Given records:
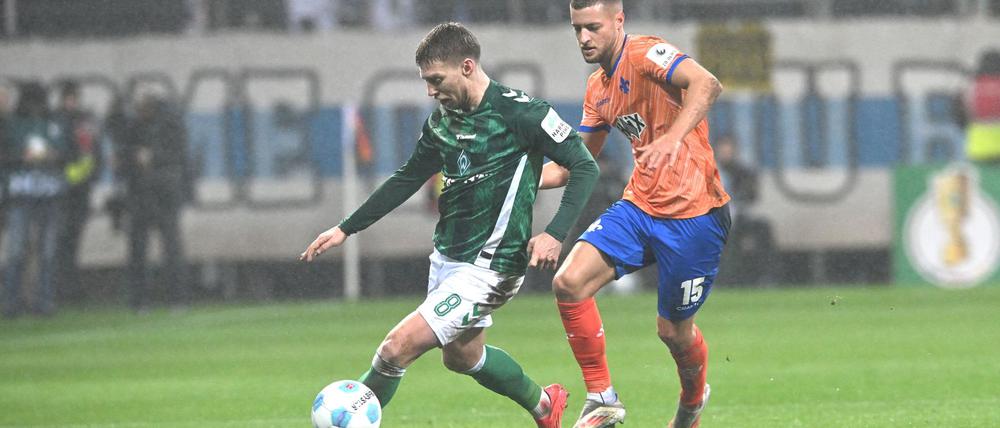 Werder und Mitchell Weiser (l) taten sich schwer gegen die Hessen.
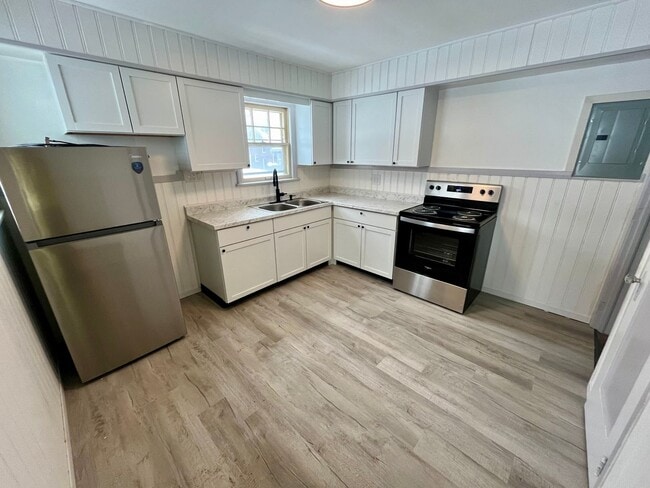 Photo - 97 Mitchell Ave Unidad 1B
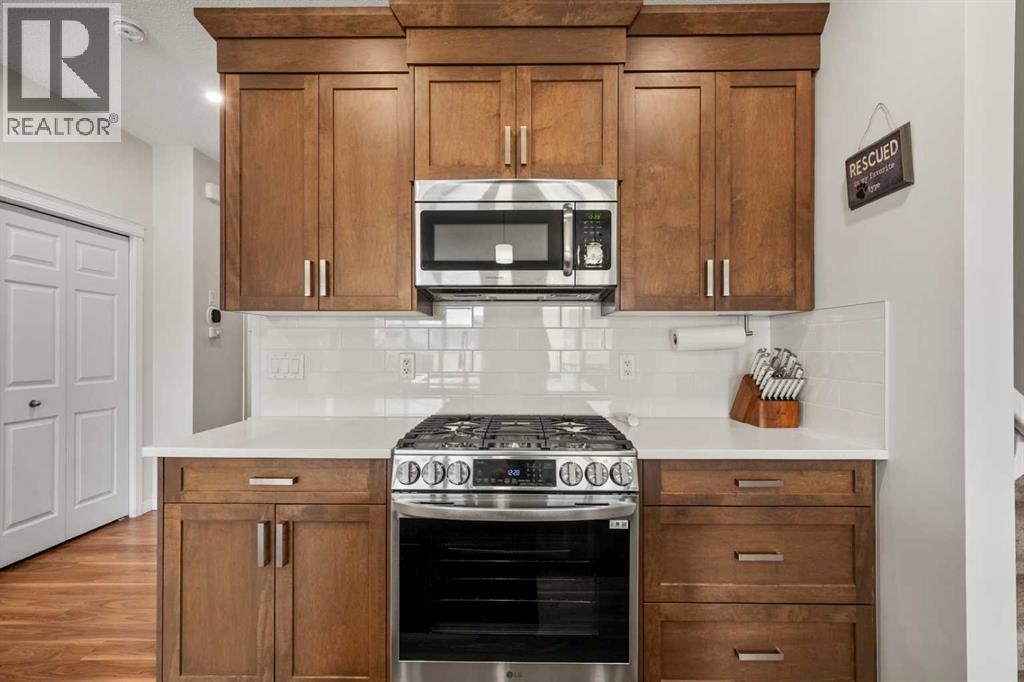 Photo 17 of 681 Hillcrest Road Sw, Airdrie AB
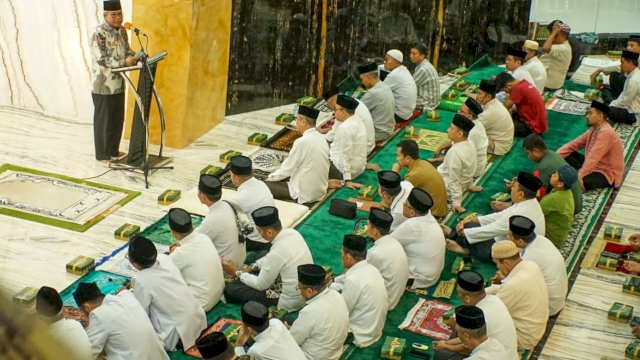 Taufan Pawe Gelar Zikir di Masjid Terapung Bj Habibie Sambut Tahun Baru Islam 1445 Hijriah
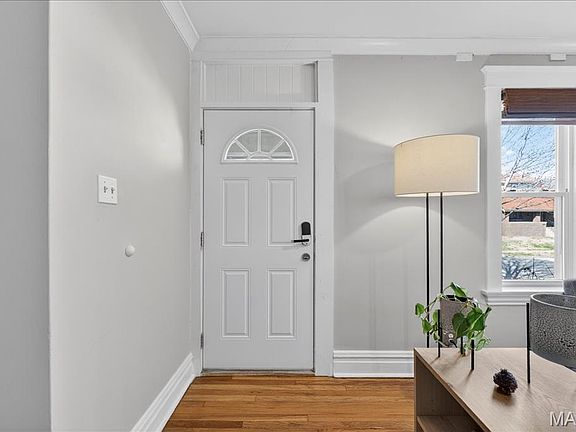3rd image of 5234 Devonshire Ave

Work instructions:
Take the preceding listing and transcribe it exactly, skipping the pictures.

Written response:
 Werder und Mitchell Weiser (l) taten sich schwer gegen die Hessen.
 Photo - 97 Mitchell Ave Unidad 1B
 Photo 17 of 681 Hillcrest Road Sw, Airdrie AB
 Taufan Pawe Gelar Zikir di Masjid Terapung Bj Habibie Sambut Tahun Baru Islam 1445 Hijriah
3rd image of 5234 Devonshire Ave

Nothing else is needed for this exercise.